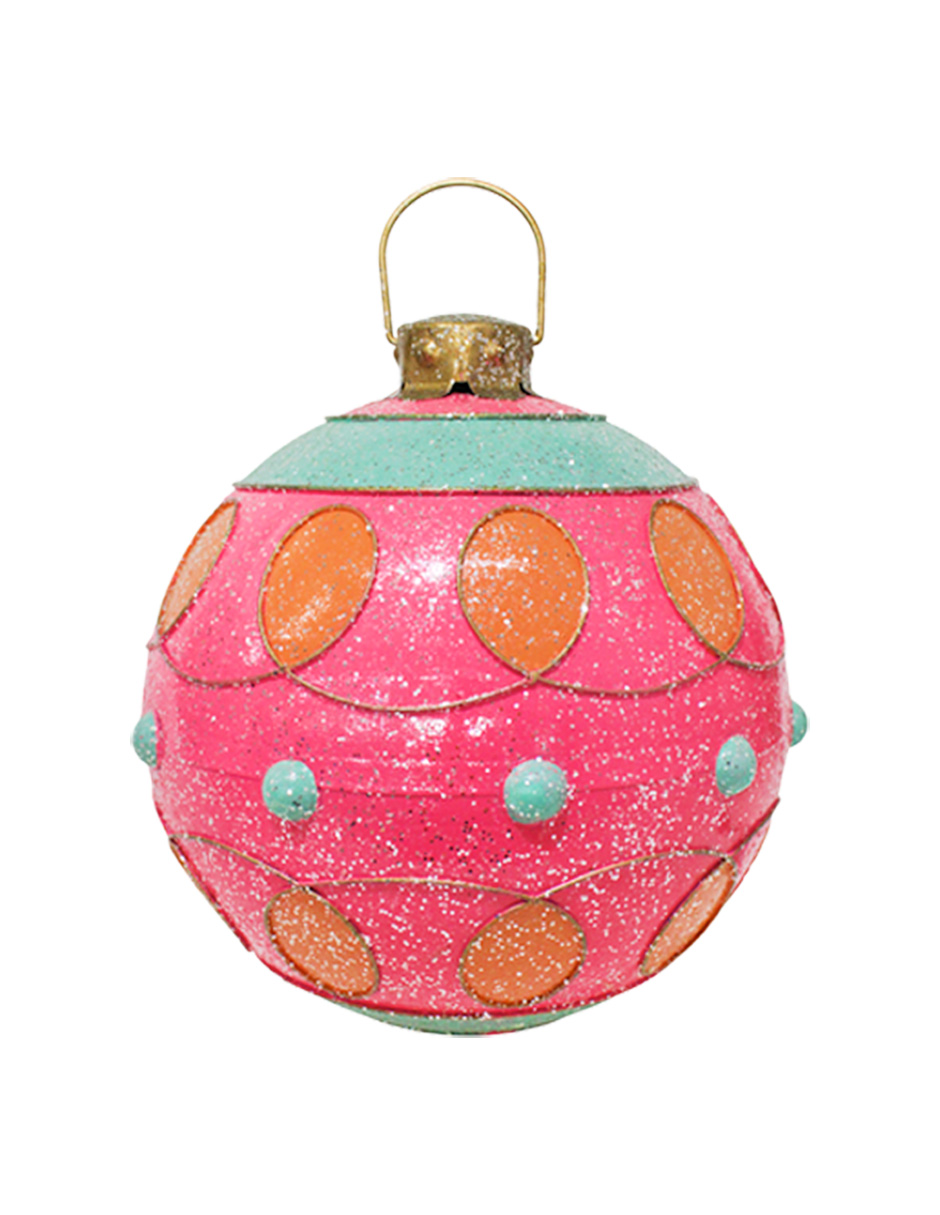 211072074085-galerias el triunfo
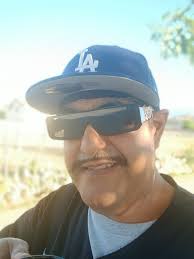 If you're not a fan of these teams I feel sorry for you!🖕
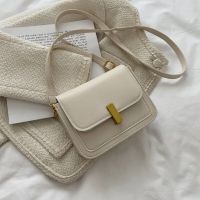 ﹉☞☍  Womens Crossbody Color Small New Messenger Shoulder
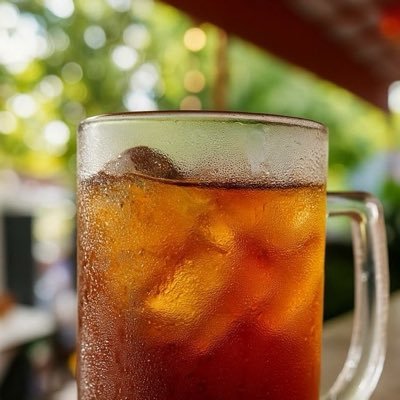 arshannyz's profile picture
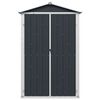 Product Thumbnail Image 6 of 13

****************

Exercise details
Output exactly the lines from the line containing "New Messenger Shoulder" through the last line of the records, both included, and leave out every picture.

Answer to the exercise
 ﹉☞☍  Womens Crossbody Color Small New Messenger Shoulder
 arshannyz's profile picture
 Product Thumbnail Image 6 of 13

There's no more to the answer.